There are two basic ways to find **simple probabilities**. One way to find a probability is *a priori*, or using logic without any real world evidence or experience. If we know a die is not loaded, we know the probability of rolling a two is 1 out of 6 or .167. Probabilities are easy to find if every possible outcome has the same probability of occurring. If that is the case, the probability is number of ways your outcome can be achieved over all possible outcomes.

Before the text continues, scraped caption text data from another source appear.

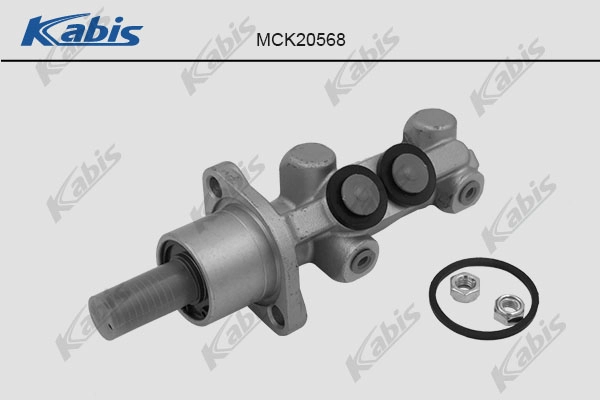 Brake Master Cylinder (MCK20568)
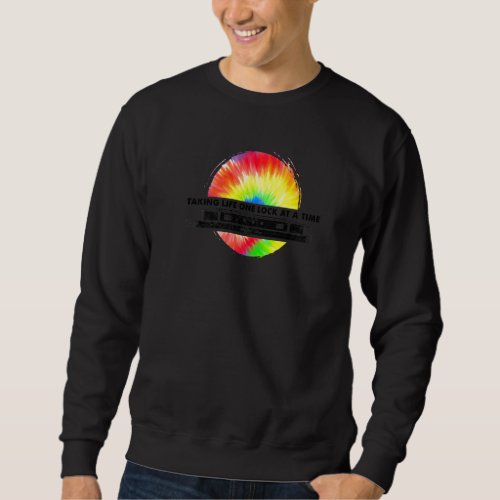 Canal Boat  Barge Boat For Narrowboat Owners Sweatshirt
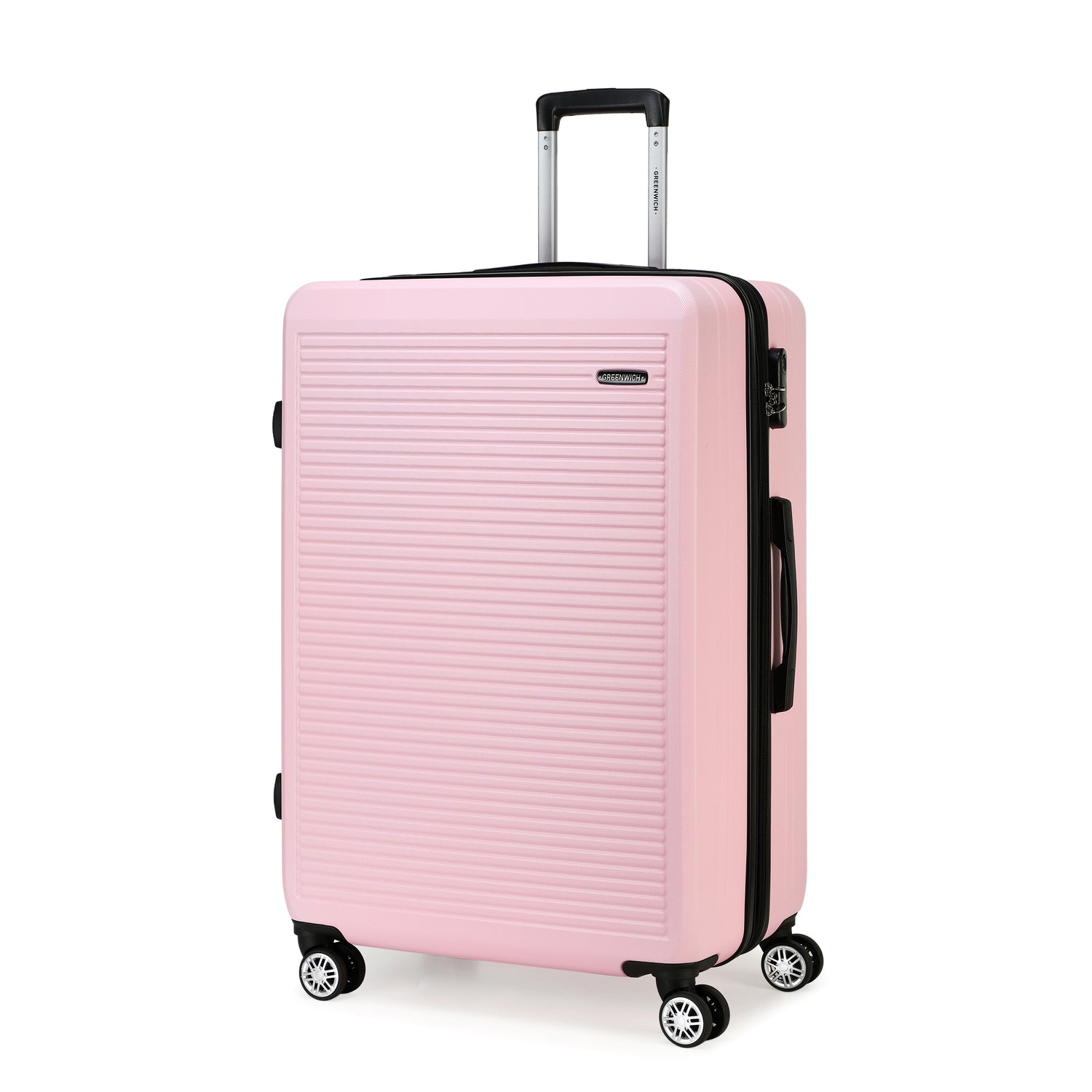 GREENWICH Set of extendable suitcases Niza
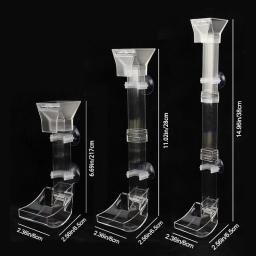 Conjunto De Tubo De Alimentação De Acrílico Transparente, Alimentador De Camarão, Acessórios De Recipiente, Ferramentas De Aquário - Image 6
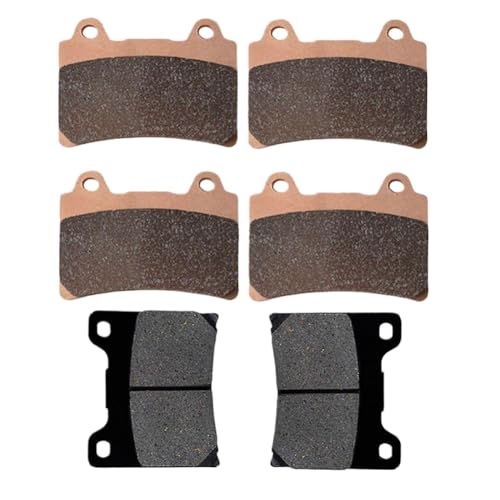 Plaquettes de frein XJR1200 durabilité et contrôle thermique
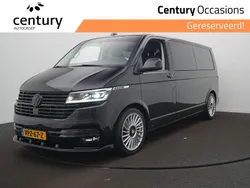 Zwart Gebruikt 2022 VW T6.1 Van | € 33.900 (Iets duurder)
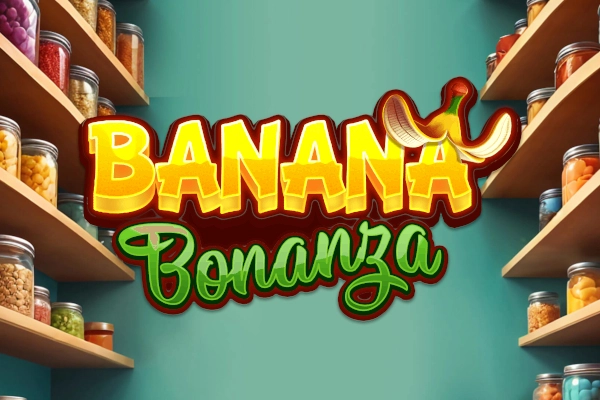 Banana Bonanza slot by Playzia - 94% RTP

The second method to determine a probability is called *posterior*, which uses the experience and evidence that has accumulated over time to determine the likelihood of an event. If we do not know that the probability of getting a head is the same as the probability of getting a tail when we flip a coin (and, therefore, we cannot use an a priori methodology), we can flip the coin repeatedly. After flipping the coin, say, 6000 times, if we get 3000 heads you can conclude the probability of getting a head is .5, i.e., 3000 divided by 6000.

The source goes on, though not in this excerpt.